:: Dataset ::

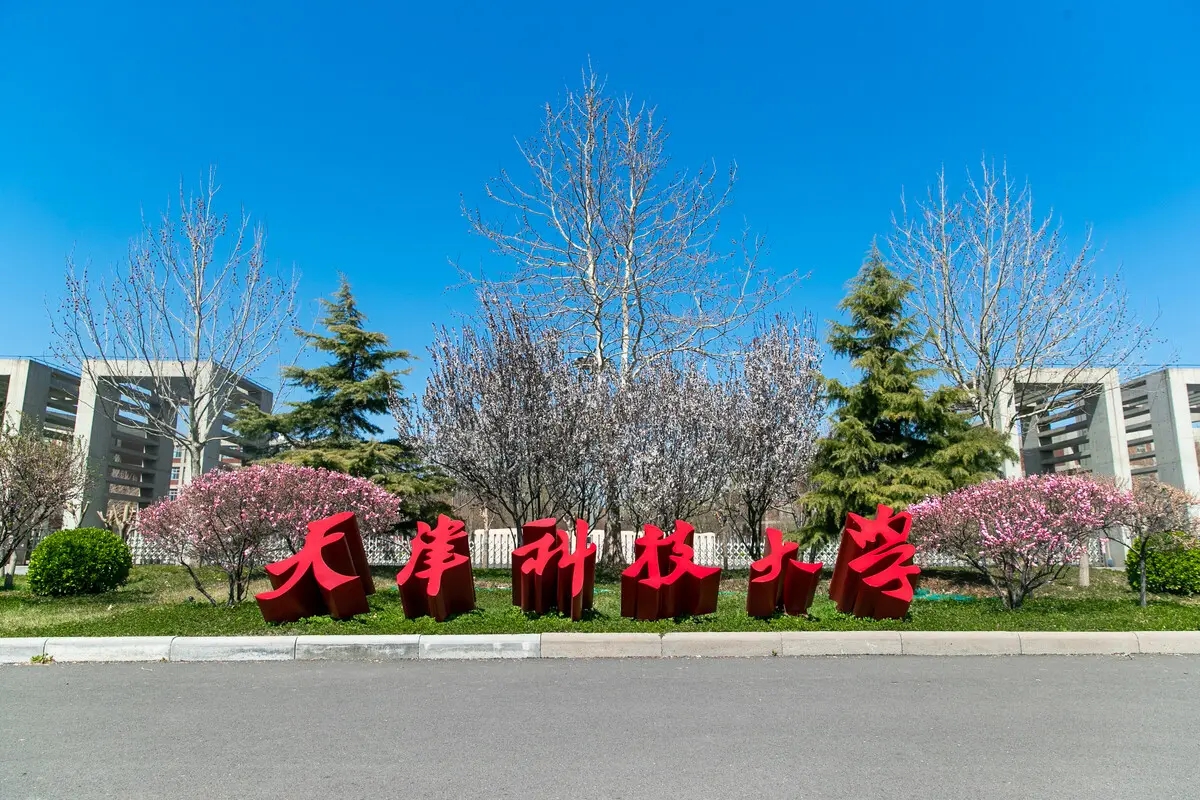 天津科技大学2022第一批公开招聘132人方案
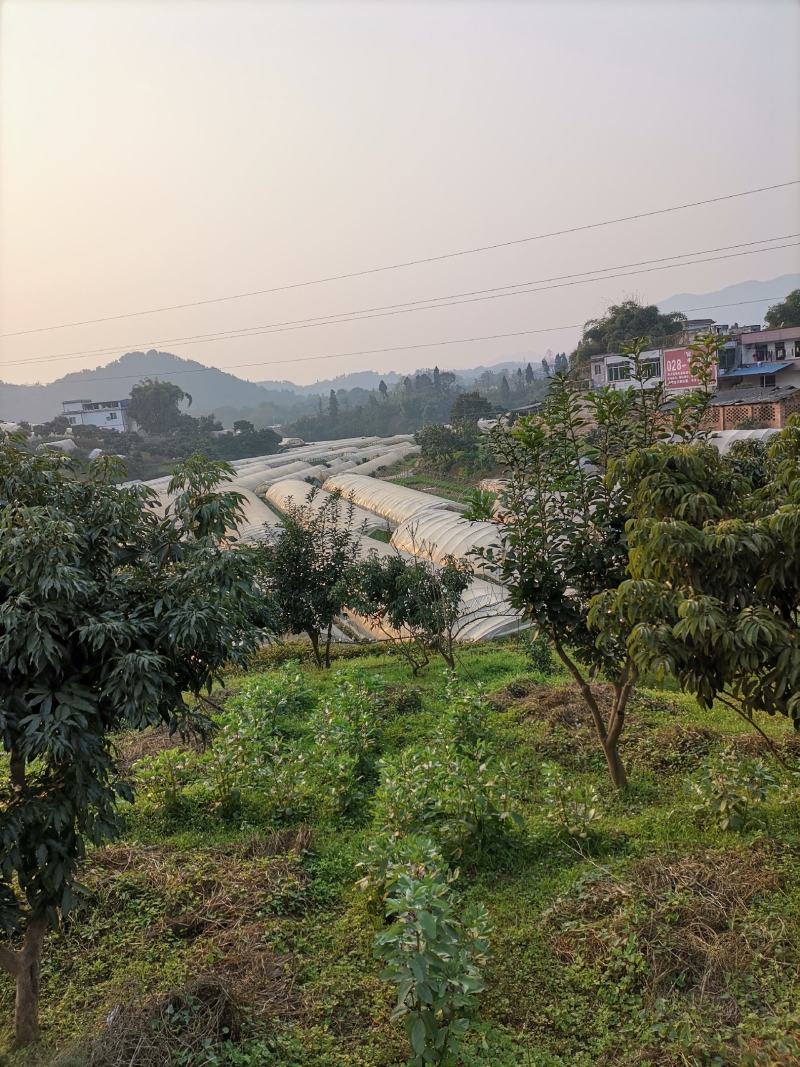 茄子苗烧烤茄万吨茄六月茄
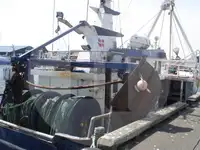 เรือบรรทุกปลาเป็น สำหรับขาย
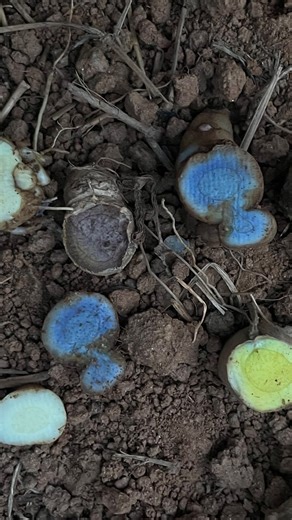 Farm Formulas Malayalam on Instagram: "മഞ്ഞൾ ഇനങ്ങളുടെ വിളവെടുപ്പ്"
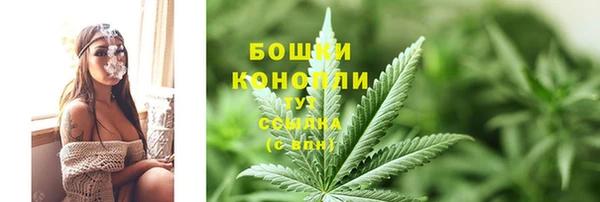 mdpv Гусев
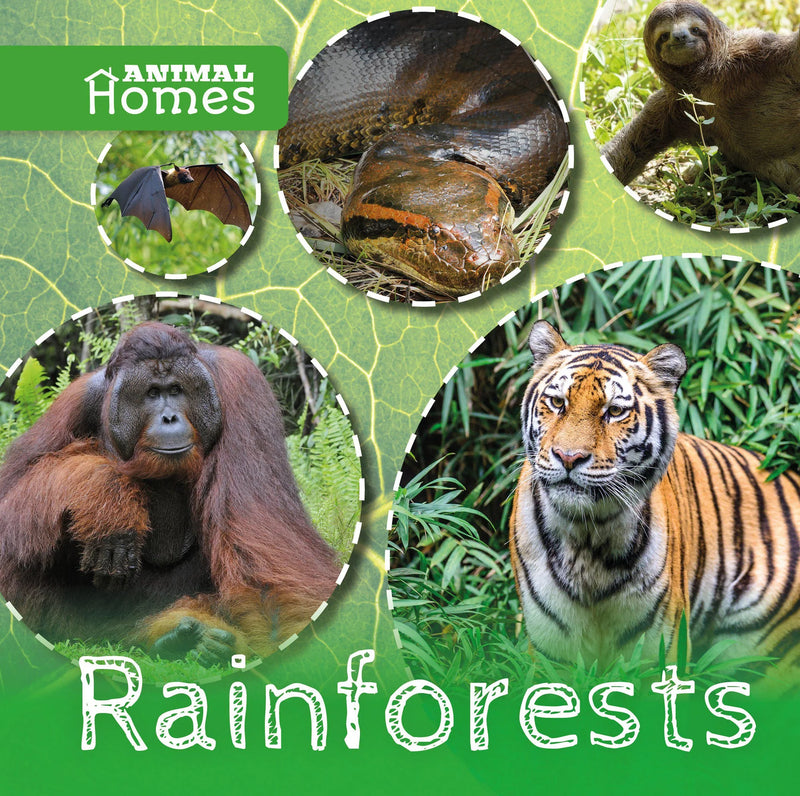 Animal Homes:Rainforests(HB)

:::

Directions for this task
Drop every picture and repeat the rest of the entries exactly.

Your solution
 天津科技大学2022第一批公开招聘132人方案
 茄子苗烧烤茄万吨茄六月茄
 เรือบรรทุกปลาเป็น สำหรับขาย
 Farm Formulas Malayalam on Instagram: "മഞ്ഞൾ ഇനങ്ങളുടെ വിളവെടുപ്പ്"
 mdpv Гусев
 Animal Homes:Rainforests(HB)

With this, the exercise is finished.